The postulation submitted the Positio dossier to the officials of the C.C.S. in 1990 while a team of theologians voted in favor of the dossier's contents in a meeting of 26 May 1991 while the C.C.S. also voted in favor of the cause on 17 November 1992. Father al-Haddād was declared to be Venerable on 21 December 1992 after Pope John Paul II confirmed that the late friar had lived a model Christian life of heroic virtue.

The process for the investigation of a miracle attributed to his intercession spanned from 17 February 2005 until 8 November 2005 while officials of the C.C.S. validated the process on 10 February 2006 before passing it to a medical board for their approval on 22 March 2007. Consulting theologians voiced their approval to the miracle as well on 1 June 2007 while the C.C.S. also voted in the affirmative on 20 October 2007 before passing it onto Pope Benedict XVI on 17 December 2007 for the final stamp of approval.

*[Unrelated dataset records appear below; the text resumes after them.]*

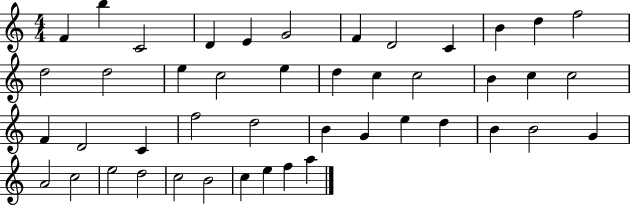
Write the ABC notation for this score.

X:1
T:Untitled
M:4/4
L:1/4
K:C
F b C2 D E G2 F D2 C B d f2 d2 d2 e c2 e d c c2 B c c2 F D2 C f2 d2 B G e d B B2 G A2 c2 e2 d2 c2 B2 c e f a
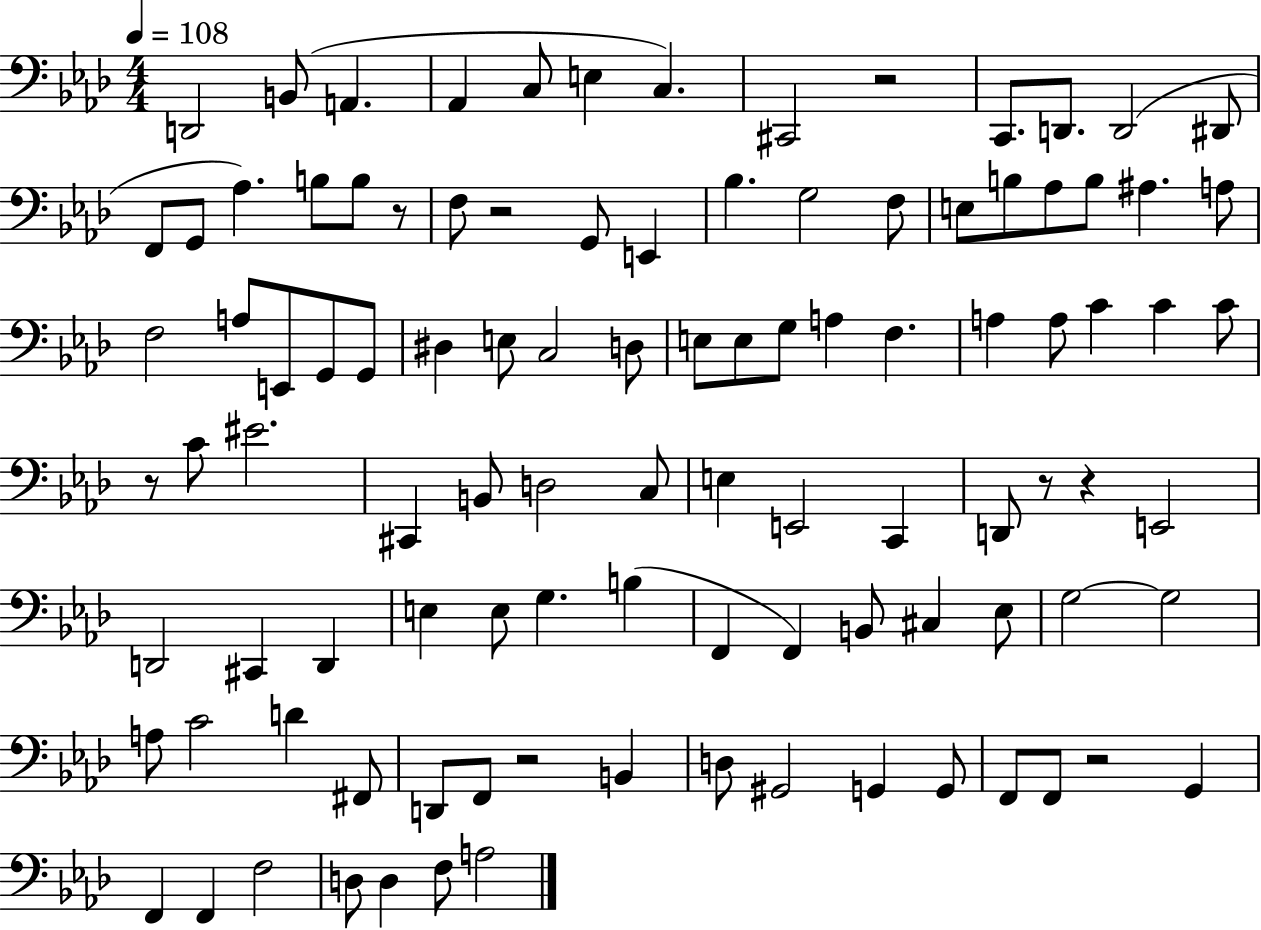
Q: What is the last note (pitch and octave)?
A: A3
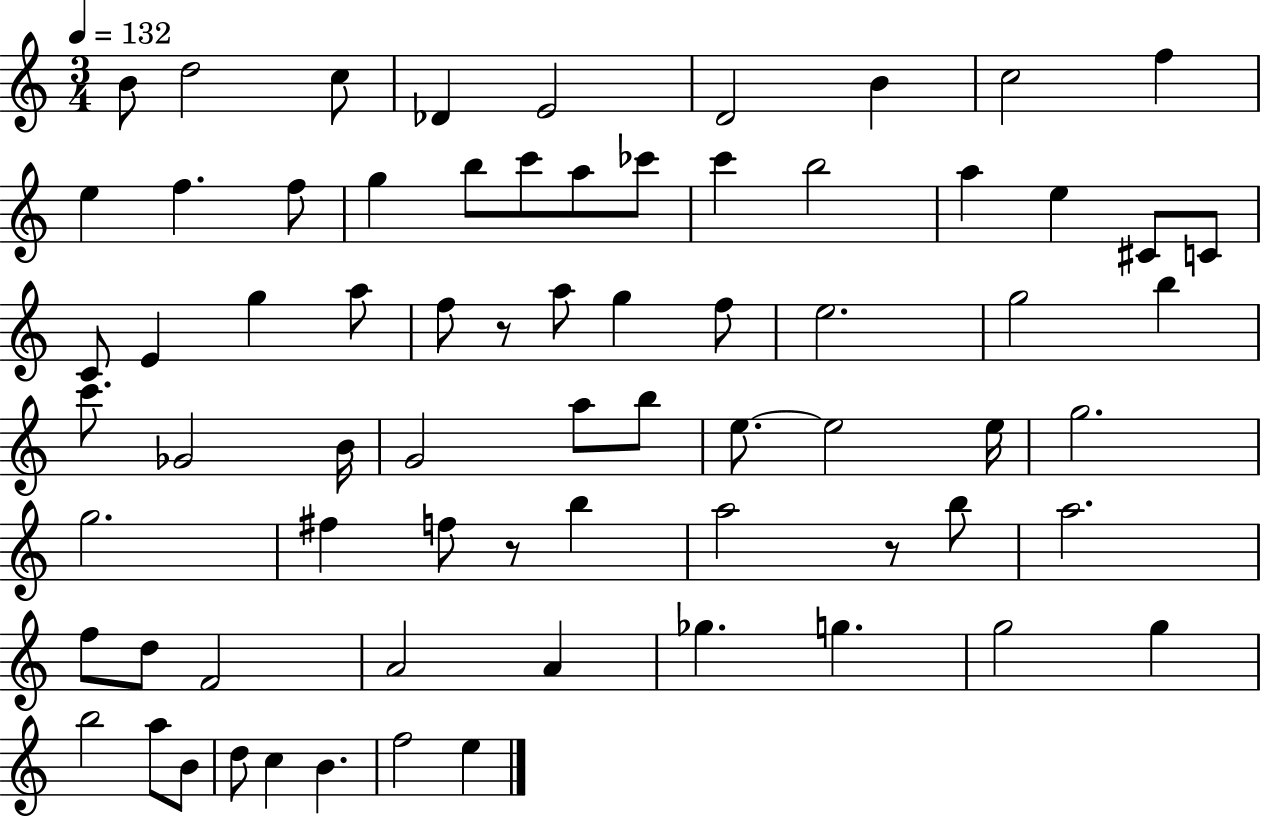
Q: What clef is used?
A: treble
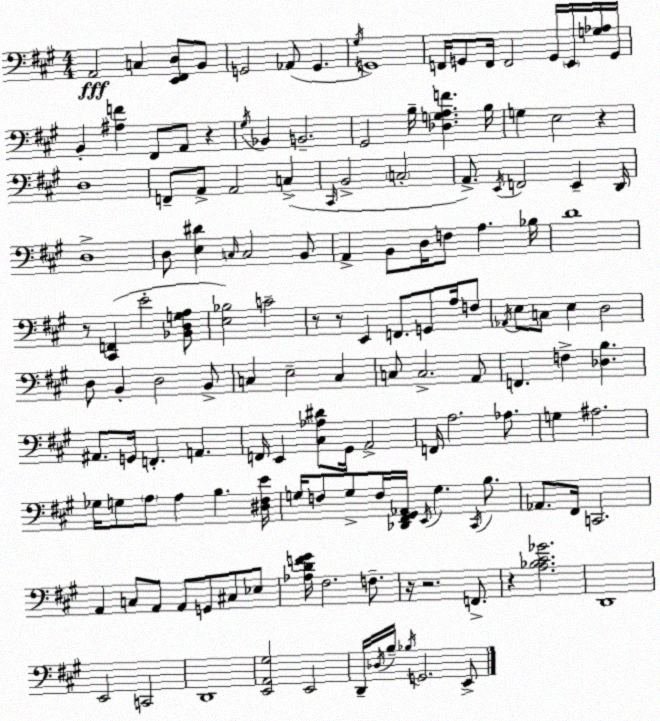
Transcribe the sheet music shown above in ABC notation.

Father al-Haddād was beatified in Beirut on 22 June 2008 with Cardinal José Saraiva Martins presiding on the behalf of Benedict XVI. The painting unveiled for his beatification was painted by the celebrated Russian artist Natalia Tsarkova; the painting was specially blessed by the pontiff in Rome prior to the beatification and now hangs above his tomb.

The current postulator assigned to the cause is Carlo Calloni.